Conjuguer à nouveau le verbe être, plutôt que vivre sous la dictature du faire et de l’avoir. Voilà l’un des passages les plus puissants que je propose. Et il transforme tout.
Un des grands tabous que je rencontre dans mon accompagnement, notamment en séances individuelles ou lors des massages, c’est celui de l’absente sexualité, ou plutôt, de la sexualité blessée, entravée, parfois dissociée. Et ce n’est pas rare. C’est même, à vrai dire, beaucoup plus répandu qu’on ne le croit.
« Guérir le corps blessé, réhabiliter le sacré »

Grâce aux cercles de parole et à l’espace de non-jugement que nous créons ensemble, les femmes commencent à oser parler. Ce qui était tu pendant des années se dépose aujourd’hui, timidement d’abord, puis avec plus de clarté. Beaucoup partagent leurs blessures intimes : attouchements, incestes, violences silencieuses mais profondément marquantes. Ces récits sont souvent confiés en petits groupes, ou dans l’intimité d’un entretien. Et ce qui revient, de manière glaçante, c’est la fréquence des abus intrafamiliaux, principalement liés au père ou au grand-père. Ces expériences déchirent non seulement le lien au corps, mais aussi l’image du masculin, l’idée même de confiance.
Alors, dans mes accompagnements, je propose un retour au corps sacré. Un travail délicat, lent, toujours respectueux, qui commence par la réhabilitation des zones blessées. Le massage tantrique devient ici un soin, un acte de réparation. On travaille beaucoup la face antérieure du corps : le cœur, le ventre, l’utérus, la yoni, l’intérieur des cuisses. Toutes ces zones gardent l’empreinte du choc, mais aussi la mémoire du sacré.

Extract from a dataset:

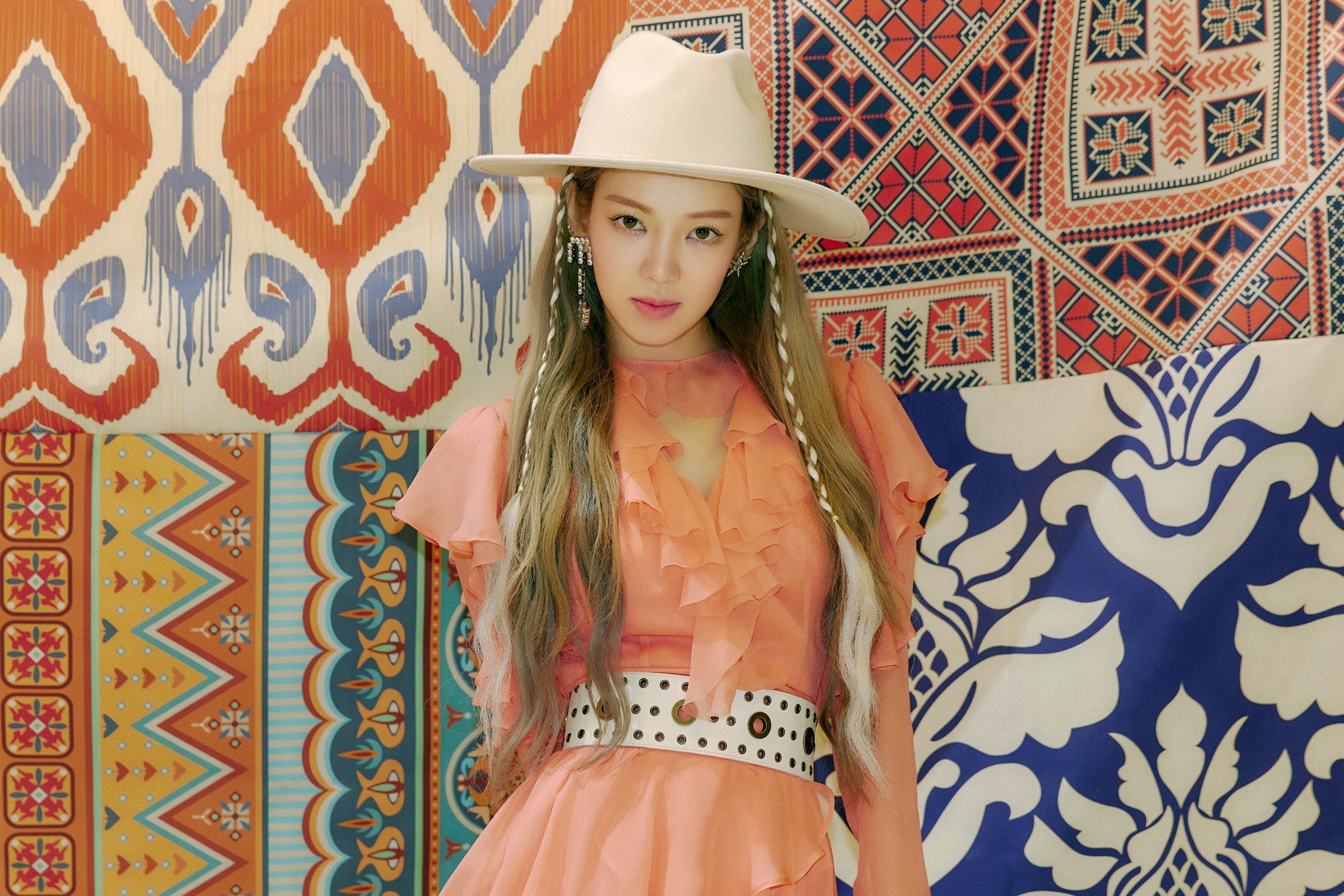 Hyoyeon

Mais ce n’est pas ma main seule qui soigne. Ce qui est fondamental, c’est que la femme elle-même reprenne possession de son corps, de ses sensations, de son toucher. Je suis là pour accompagner, contenir, écouter. Mais la main qui guérit, c’est la sienne. C’est elle qui, en posant ses paumes sur sa poitrine, son ventre, sa vulve, entame le chemin du retour à elle-même. Ce geste, si simple en apparence, est d’une puissance inouïe.
Car c’est là que commence la transmutation : le corps cesse d’être un territoire violé pour redevenir un sanctuaire vivant. Ce travail n’est ni facile, ni rapide. Mais il ouvre la porte à une vraie renaissance.